* Work required
Please set down, exactly, the line with "Framed Circumpolar star" and all lines that follow it through the end of the records below.
Data records START
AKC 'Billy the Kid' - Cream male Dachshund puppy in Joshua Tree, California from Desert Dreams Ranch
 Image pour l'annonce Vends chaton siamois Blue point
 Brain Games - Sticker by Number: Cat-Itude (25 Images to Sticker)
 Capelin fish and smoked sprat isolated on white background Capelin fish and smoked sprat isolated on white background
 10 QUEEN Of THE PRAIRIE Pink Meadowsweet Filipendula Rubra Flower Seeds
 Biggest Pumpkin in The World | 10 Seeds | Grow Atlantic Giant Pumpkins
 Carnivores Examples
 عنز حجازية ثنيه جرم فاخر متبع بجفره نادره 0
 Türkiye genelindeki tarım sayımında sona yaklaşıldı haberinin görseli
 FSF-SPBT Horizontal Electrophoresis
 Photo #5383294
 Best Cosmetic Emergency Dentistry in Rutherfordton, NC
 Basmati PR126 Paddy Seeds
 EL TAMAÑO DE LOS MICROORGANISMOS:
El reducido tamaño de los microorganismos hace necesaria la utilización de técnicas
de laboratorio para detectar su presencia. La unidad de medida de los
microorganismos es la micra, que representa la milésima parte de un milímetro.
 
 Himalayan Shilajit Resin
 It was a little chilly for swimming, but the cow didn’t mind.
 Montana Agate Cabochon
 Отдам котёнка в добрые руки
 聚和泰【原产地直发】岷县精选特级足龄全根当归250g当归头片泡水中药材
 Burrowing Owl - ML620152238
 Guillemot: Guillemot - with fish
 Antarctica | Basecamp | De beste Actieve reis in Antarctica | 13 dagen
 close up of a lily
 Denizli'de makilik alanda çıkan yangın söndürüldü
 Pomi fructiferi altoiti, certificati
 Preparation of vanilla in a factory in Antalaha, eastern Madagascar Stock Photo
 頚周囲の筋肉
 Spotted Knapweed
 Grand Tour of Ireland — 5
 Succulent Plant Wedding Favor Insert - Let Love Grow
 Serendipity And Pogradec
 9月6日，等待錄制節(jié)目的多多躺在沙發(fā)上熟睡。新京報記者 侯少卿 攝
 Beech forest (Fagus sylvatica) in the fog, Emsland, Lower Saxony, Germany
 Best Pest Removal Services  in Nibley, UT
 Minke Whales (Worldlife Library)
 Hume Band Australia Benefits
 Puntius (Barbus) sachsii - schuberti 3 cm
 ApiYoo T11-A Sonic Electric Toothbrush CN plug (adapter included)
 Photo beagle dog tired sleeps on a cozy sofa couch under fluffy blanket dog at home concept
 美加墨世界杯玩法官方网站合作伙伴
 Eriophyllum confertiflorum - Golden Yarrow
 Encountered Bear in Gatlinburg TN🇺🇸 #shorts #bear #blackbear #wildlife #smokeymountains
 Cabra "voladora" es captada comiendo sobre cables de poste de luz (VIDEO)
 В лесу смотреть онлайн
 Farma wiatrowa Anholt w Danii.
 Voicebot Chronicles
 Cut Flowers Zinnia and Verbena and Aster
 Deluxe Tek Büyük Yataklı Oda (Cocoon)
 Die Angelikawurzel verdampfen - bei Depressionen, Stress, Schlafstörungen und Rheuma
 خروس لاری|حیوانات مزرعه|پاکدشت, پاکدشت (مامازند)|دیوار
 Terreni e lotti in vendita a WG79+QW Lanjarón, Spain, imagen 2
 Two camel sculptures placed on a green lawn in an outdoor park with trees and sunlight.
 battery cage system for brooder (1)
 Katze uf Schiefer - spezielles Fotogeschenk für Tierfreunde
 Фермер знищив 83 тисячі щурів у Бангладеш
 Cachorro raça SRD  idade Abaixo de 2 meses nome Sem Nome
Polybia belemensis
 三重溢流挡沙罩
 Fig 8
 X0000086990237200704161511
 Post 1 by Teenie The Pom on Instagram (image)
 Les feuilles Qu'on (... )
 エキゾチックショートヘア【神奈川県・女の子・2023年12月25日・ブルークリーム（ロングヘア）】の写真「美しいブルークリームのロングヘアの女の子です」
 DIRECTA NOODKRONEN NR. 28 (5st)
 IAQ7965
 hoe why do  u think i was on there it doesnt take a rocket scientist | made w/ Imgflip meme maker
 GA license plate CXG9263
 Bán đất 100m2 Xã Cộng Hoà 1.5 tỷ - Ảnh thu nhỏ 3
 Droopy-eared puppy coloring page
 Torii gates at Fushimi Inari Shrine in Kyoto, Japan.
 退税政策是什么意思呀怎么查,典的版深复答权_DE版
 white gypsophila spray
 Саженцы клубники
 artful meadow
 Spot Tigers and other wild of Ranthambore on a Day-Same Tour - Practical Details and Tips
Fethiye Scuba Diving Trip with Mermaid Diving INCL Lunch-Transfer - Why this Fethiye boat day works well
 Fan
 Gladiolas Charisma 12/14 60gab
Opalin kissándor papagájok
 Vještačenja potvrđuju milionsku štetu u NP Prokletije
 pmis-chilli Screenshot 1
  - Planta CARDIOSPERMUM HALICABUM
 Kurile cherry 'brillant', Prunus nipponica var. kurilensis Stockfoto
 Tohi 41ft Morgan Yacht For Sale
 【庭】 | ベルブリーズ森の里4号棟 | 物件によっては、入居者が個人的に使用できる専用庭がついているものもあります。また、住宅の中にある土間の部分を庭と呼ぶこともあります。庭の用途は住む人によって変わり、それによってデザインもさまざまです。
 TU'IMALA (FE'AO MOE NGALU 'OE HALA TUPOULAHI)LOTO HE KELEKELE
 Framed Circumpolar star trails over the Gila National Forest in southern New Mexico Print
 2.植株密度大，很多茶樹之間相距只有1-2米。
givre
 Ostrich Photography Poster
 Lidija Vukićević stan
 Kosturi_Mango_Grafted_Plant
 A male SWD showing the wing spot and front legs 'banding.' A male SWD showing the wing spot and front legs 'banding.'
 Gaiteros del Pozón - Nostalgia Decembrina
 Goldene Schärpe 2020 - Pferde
Data records END
* Answer space
 Framed Circumpolar star trails over the Gila National Forest in southern New Mexico Print
 2.植株密度大，很多茶樹之間相距只有1-2米。
givre
 Ostrich Photography Poster
 Lidija Vukićević stan
 Kosturi_Mango_Grafted_Plant
 A male SWD showing the wing spot and front legs 'banding.' A male SWD showing the wing spot and front legs 'banding.'
 Gaiteros del Pozón - Nostalgia Decembrina
 Goldene Schärpe 2020 - Pferde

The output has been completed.